The total of the three numbers will give you the total number of calories you can consume for High carb days.
It is up to you how you divide your daily intake throughout meals, whether you are having three meals or six meals per day.
As for daily calorie consumption, the recommended range is 1500 – 2300 for women and 1500 – 3000 for men. This is the general recommended range that you should stay within. However, don’t beat yourself up if you exceed it a little on some days. I highly recommend that you invest in a calorie counting app. As for how many calories are contained in the foods you consume, you can easily look this up online and prepare a reference list to store on your computer.
Carb portions range from 200 grams to 300 grams on high carb days and 50 grams to 150 grams on lower carb days. We will discuss portions and food types in a later chapter.
This was a very simple explanation of how the carb cycling plan works. Next, let’s find out why it works and how it can benefit you.

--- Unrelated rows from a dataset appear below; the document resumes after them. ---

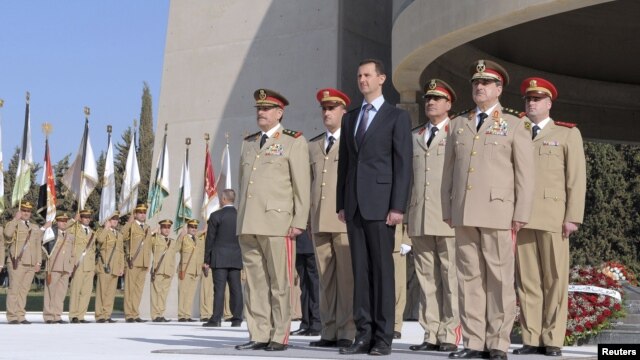 President Bashar al-Assad stands with his military generals, most of whom are Alawites, at the Tomb of the Unknown Soldier in Damascus, October 6, 2011 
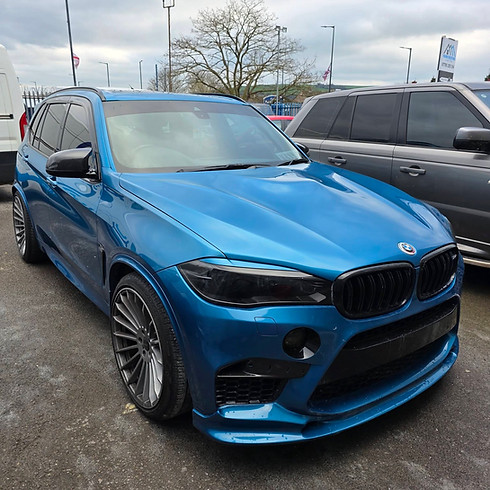 Metallic blue BMW X5 SUV featuring custom multi-spoke alloy wheels and blacked-out kidney grilles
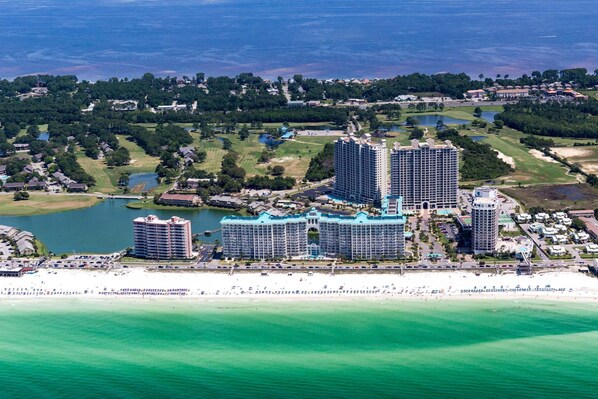A coastal hotel complex with multiple high-rise buildings, a beachfront, and surrounding greenery.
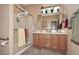 Bathroom with double vanity, shower, and ample storage at 1780 W Morse Dr, Anthem, AZ 85086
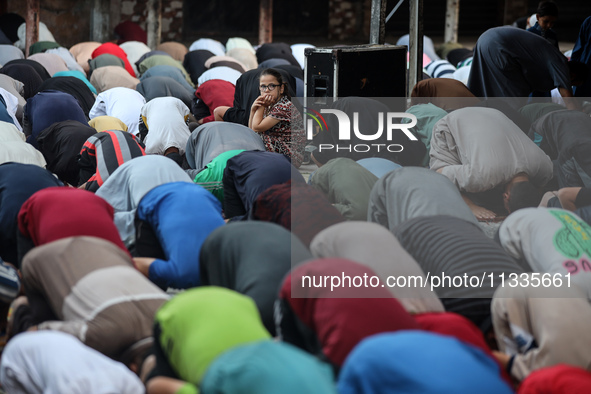 Palestinians are holding Eid al-Adha prayers in Bureij Refugee Camp in the central Gaza Strip, on June 16, 2024, amid the ongoing conflict b...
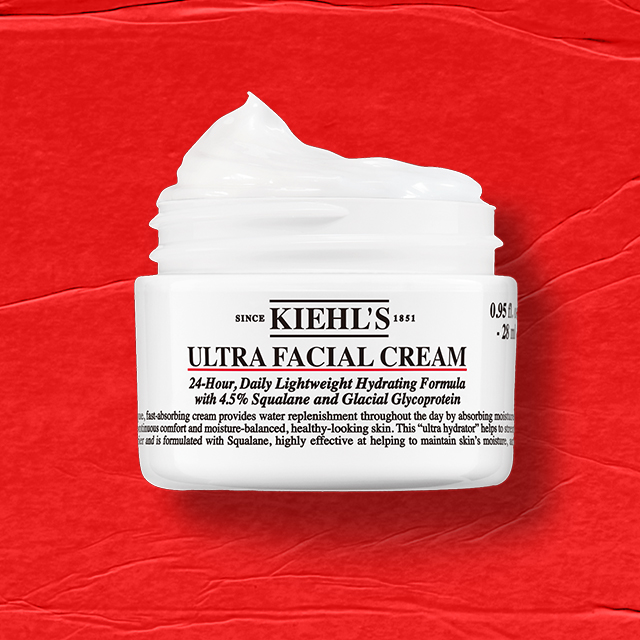 Vasetto bianco di Kiehl’s Ultra Facial Cream aperto, con la crema visibile all’interno, su sfondo rosso testurizzato.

Chapter 2 – Why the Carb Cycling Diet Works
The carb cycling diet has become mainstream recently. Research is still ongoing with regards to the additional benefits. However, many people have reported great success with the 7-day plan for several reasons. Here are some of the arguments for why it works:
• One of the main reasons is flexibility. It really doesn’t feel like a diet because there is a wide variety of foods to choose from. You can eat your favorite foods on certain days. People who follow the plan report not feeling deprived. And, the cheat day really helps as well!
• It gives you the ability to customize your plan if you stick to the basic rules.